:: Data ::
----
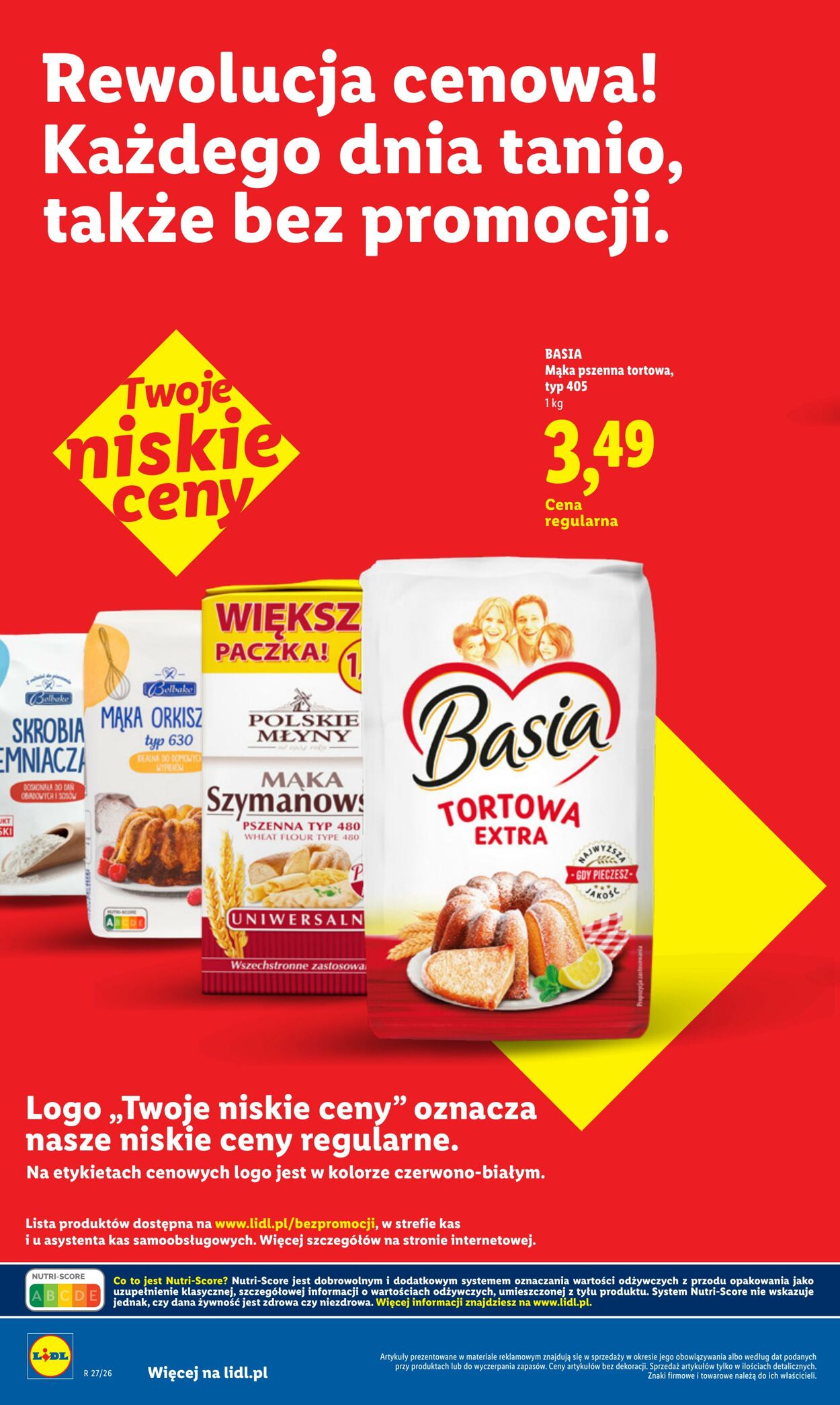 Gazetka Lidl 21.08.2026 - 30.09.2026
----
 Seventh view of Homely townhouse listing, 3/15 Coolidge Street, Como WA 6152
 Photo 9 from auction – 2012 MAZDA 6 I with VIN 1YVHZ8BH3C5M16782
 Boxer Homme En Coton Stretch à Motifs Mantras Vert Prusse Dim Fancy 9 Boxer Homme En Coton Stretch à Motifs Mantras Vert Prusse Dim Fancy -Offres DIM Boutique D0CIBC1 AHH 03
----
:: What you need to do ::
Using the entries above, give again exactly the lines from the line holding "Photo 9 from" through the line holding "D0CIBC1 AHH 03". Include both end lines and nothing else.

:: Response to the exercise ::
 Photo 9 from auction – 2012 MAZDA 6 I with VIN 1YVHZ8BH3C5M16782
 Boxer Homme En Coton Stretch à Motifs Mantras Vert Prusse Dim Fancy 9 Boxer Homme En Coton Stretch à Motifs Mantras Vert Prusse Dim Fancy -Offres DIM Boutique D0CIBC1 AHH 03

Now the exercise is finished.